Our results agree well with those from single centers in that the sensitivity and specificity of pattern recognition (i.e. subjective evaluation of gray-scale ultrasound findings with or without subjective evaluation of Doppler ultrasound findings) with regard to benign teratoma/dermoid cyst, endometrioma and hydrosalpinx were high4, 12–25.
Some studies have evaluated the sensitivity and specificity of pattern recognition with regard to paraovarian cysts4, 26 and mucinous and serous cystadenomas15, 27 and all included rather few cases (three and 17 cases of paraovarian cyst, 18 and 38 cases of serous cystadenoma, and 21 cases of mucinous cystadenoma). The sensitivity with regard to these three diagnoses was substantially higher in the studies cited than in ours, whereas the specificity was similar. The low sensitivity of pattern recognition with regard to serous and mucinous cystadenomas and adenofibromas in our study is explained either by an incorrect specific diagnosis having been assigned to the tumor or by no specific diagnosis (‘don't know’) having been suggested by the ultrasound examiner. As illustrated in Figure 1, the ultrasound morphology of serous and mucinous cystadenomas may overlap extensively. The ultrasound morphology of serous and mucinous cystadenomas also overlaps to some extent with that of adenofibromas (Figure 2). Indeed, serous cyst/cystadenoma was the most frequent incorrect ultrasound diagnosis in our series. While endometriomas and dermoid cysts were confused—albeit very rarely—with a variety of other conditions (with no particular pathology being over-represented among the misdiagnoses), serous cysts, adenofibromas, simple cysts, hydrosalpinx, functional cysts and paraovarian/parasalpingeal cysts were often confused with each other. This illustrates that many of the latter pathologies do not have a pathognomonic appearance at ultrasound examination.
We know of only one study reporting on the sensitivity and specificity of pattern recognition with regard to peritoneal cysts and fibromas/fibrothecomas.

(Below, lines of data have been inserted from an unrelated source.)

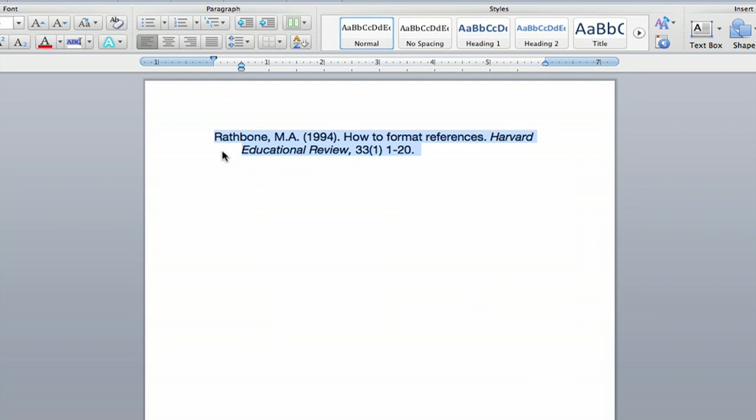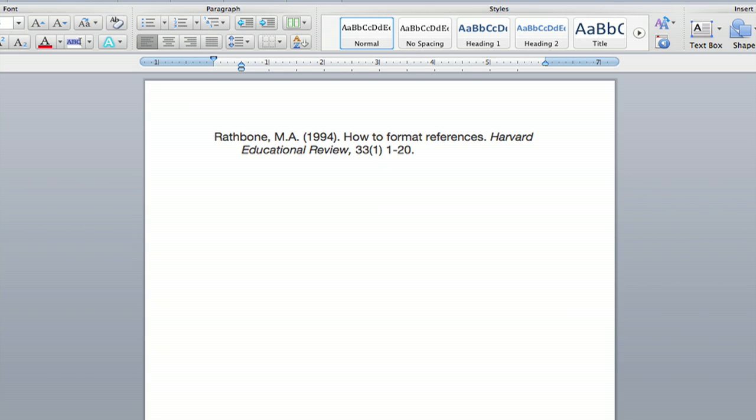And you'll see the second line automatically indents. And if you have a bigger works cited source that goes on more than two lines, all of the other lines will also be indented after the first line.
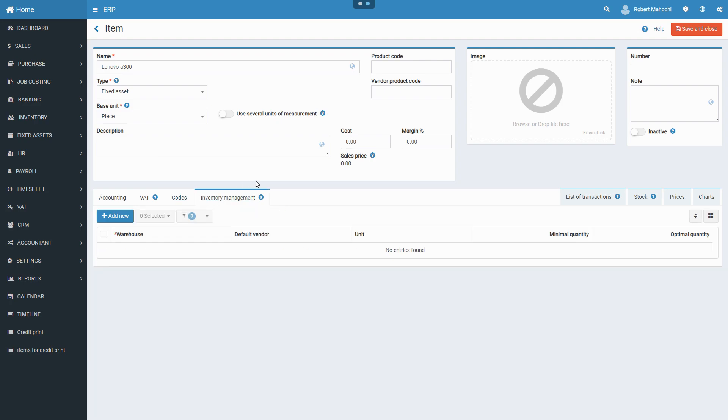It is not obligatory to provide all information under the tabs immediately after creating a fixed asset. You can fill in some details later on in the course of working with the system. You provide information under the tabs to simplify and automate the creation of documents.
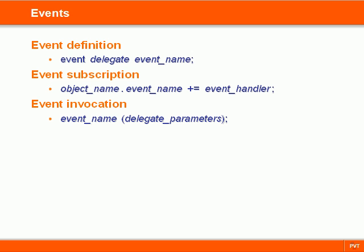Events enable an object to notify other objects when something of interest occurs. The object that raises the event is called the Publisher, and the objects that handle the event are called Subscribers.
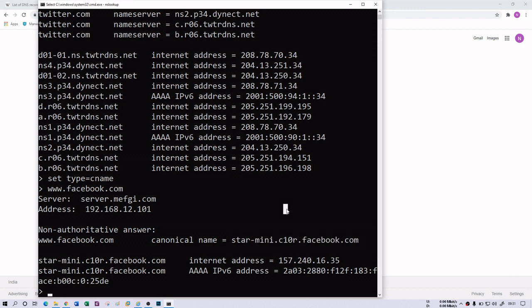You can practice with different record types using the command set type equals the record type name, then provide the domain name. nslookup will fetch the information for that specific record type. I hope you liked it — thank you and I'll see you in the next session.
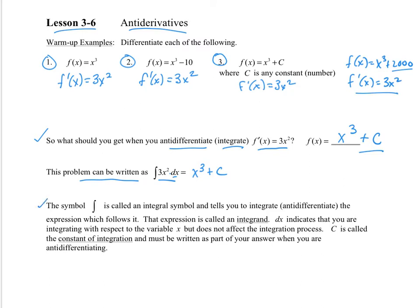So here we have some things about the symbol. It's called the integral symbol and tells us to integrate or anti-differentiate the expression which follows it. This expression right here is called the integrand. The dx doesn't affect our process, but it is very important and we do need it, so don't leave it out. And c is called the constant of integration. We need that when we take the antiderivative and we don't have specific limits.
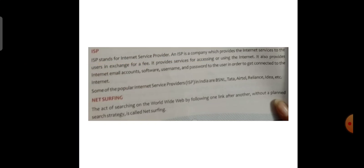ISP stands for Internet Service Provider. An ISP is a company which provides internet services to users in exchange for a fee. It provides services for accessing or using the internet. It also provides internet email accounts, software, username and password to the user in order to get connected to the internet. Some of the popular Internet Service Providers in India are BSNL, Tata, Airtel, Reliance, Idea, etc.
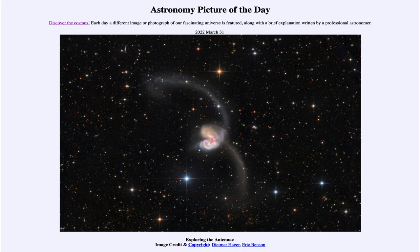So we can't really watch galaxies collide — we just get to catch them at one stage of the collision, one snapshot of the collision. And then we can look at other galaxies and use computer models to really be able to learn more about galaxy collisions, such as the one we look at today.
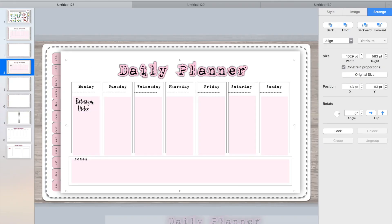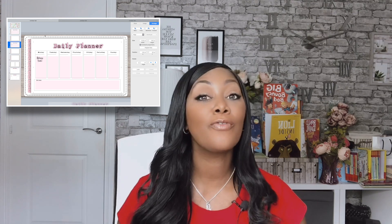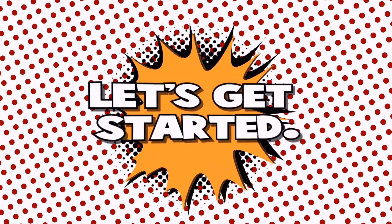In this video, I'm going to show you how to create these planner templates for your digital planner using Keynote. If you want to see how I created them, keep watching. See you next time. Bye.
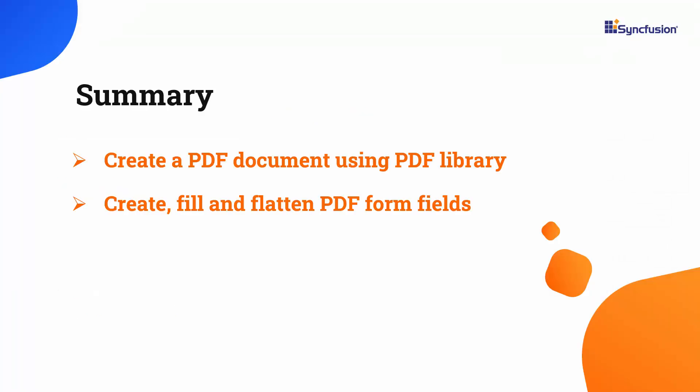Let me recap what I have shown so far. I showed you how to create, fill, and flatten PDF form fields using the Syncfusion PDF library. If you would like to see the working code of this example, you can download it from the GitHub link in the description below.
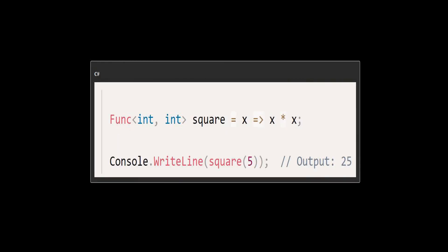This Lambda expression defines a method that takes an integer as an input, squares it, and returns the result. The Func<int, int> delegate is used to represent this method.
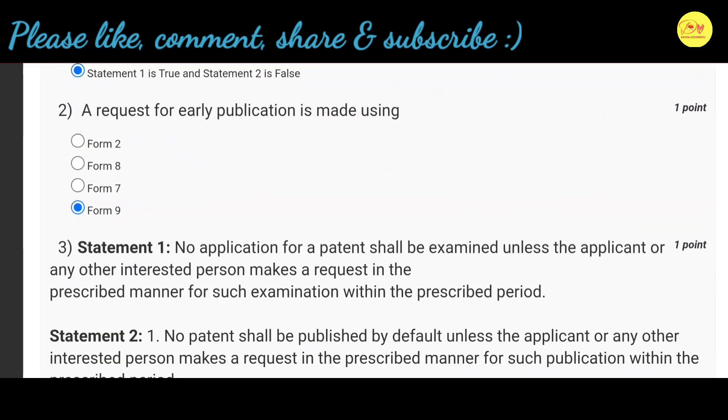Our second question: A request for early publication is made by using — correct option is D: Form 9.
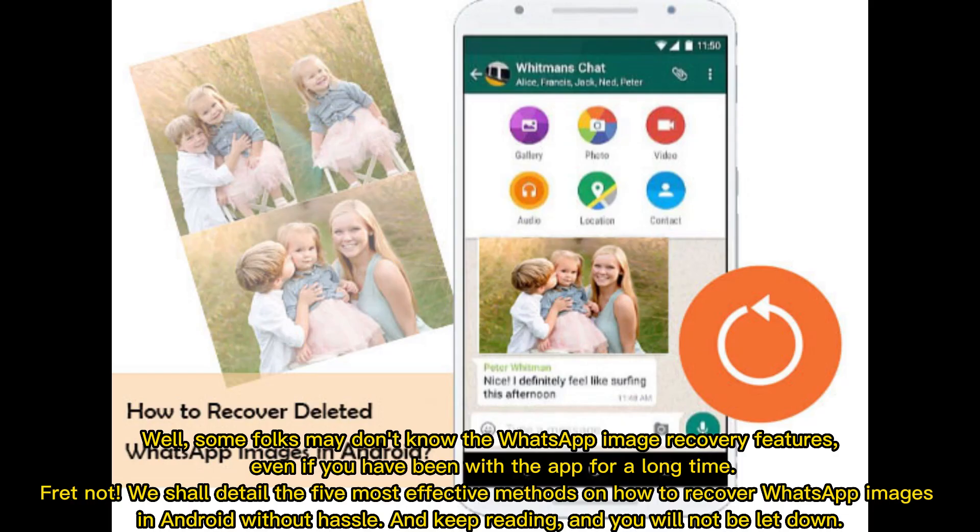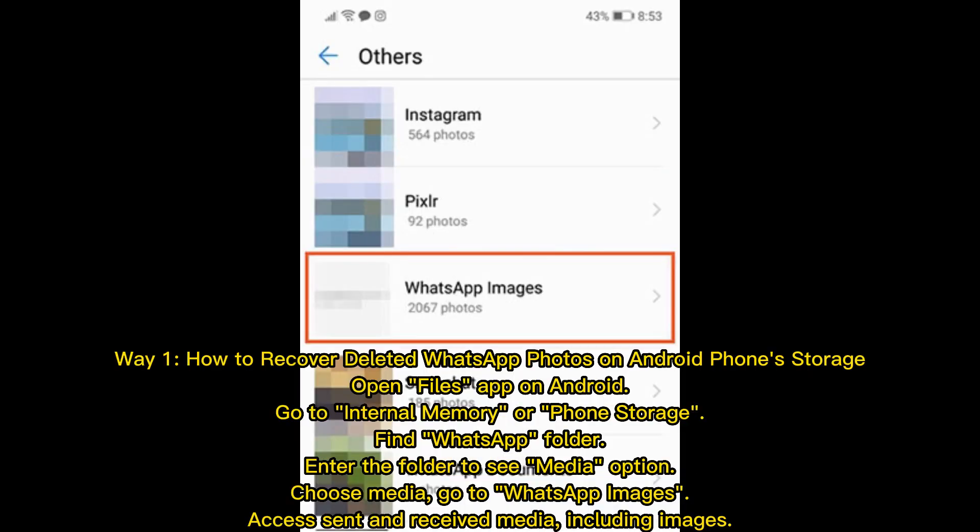Some folks may not know the WhatsApp image recovery features even if you have been with the app for a long time. Fret not — we shall detail the five most effective methods on how to recover WhatsApp images in Android without hassle. Keep reading and you will not be let down. Way one: how to recover deleted WhatsApp photos on Android phone storage.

In that study there were only three cases of peritoneal cyst and nine cases of fibroma/fibrothecoma4. The reported sensitivity and specificity with regard to peritoneal cyst in the study cited were 100% and 99% vs. 80% and 99% in our study, and the sensitivity and specificity with regard to fibroma/fibrothecoma were 56% and 100% vs. 42% and 99% in our study. We have found no study reporting on the sensitivity and specificity of pattern recognition with regard to ovarian adenofibroma.

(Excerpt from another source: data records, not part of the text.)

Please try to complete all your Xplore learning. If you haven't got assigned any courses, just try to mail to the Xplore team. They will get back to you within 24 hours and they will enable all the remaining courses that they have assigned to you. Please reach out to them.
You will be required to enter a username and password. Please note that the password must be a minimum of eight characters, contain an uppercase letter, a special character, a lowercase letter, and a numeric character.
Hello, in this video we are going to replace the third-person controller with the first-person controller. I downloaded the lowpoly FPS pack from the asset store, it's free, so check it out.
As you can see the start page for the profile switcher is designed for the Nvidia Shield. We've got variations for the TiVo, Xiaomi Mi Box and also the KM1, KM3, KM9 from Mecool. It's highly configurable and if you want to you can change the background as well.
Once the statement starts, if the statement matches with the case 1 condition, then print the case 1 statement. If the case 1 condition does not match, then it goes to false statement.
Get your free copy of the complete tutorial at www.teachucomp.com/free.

Typical ultrasound findings in different types of ovarian malignancies and of metastases in the ovaries of tumors of different primary origin have been described28, 29 but, to the best of our knowledge, there are no published reports on the sensitivity and specificity of pattern recognition with regard to a diagnosis of primary invasive ovarian cancer, rare malignant ovarian tumors or metastatic tumors in the ovary. However, one study reported the sensitivity and specificity of pattern recognition with regard to ovarian borderline tumors30. That study comprised 35 borderline tumors, 99 benign tumors and 32 invasive ovarian malignancies. The reported sensitivity with regard to borderline tumor was 69% and the specificity 94%. Our sensitivity with regard to borderline tumor was much lower (29%) and our specificity was only marginally higher (98%), with 9% of our borderline tumors not having been assigned a specific diagnosis, 38% having been classified as a benign cyst (vs. 29% in the study cited) and 24% as invasive malignancies (vs. 3% in the study cited). Differences in tumor population are likely to contribute to the discrepant results, even though the proportion of serous and mucinous borderline tumors was similar in the two studies.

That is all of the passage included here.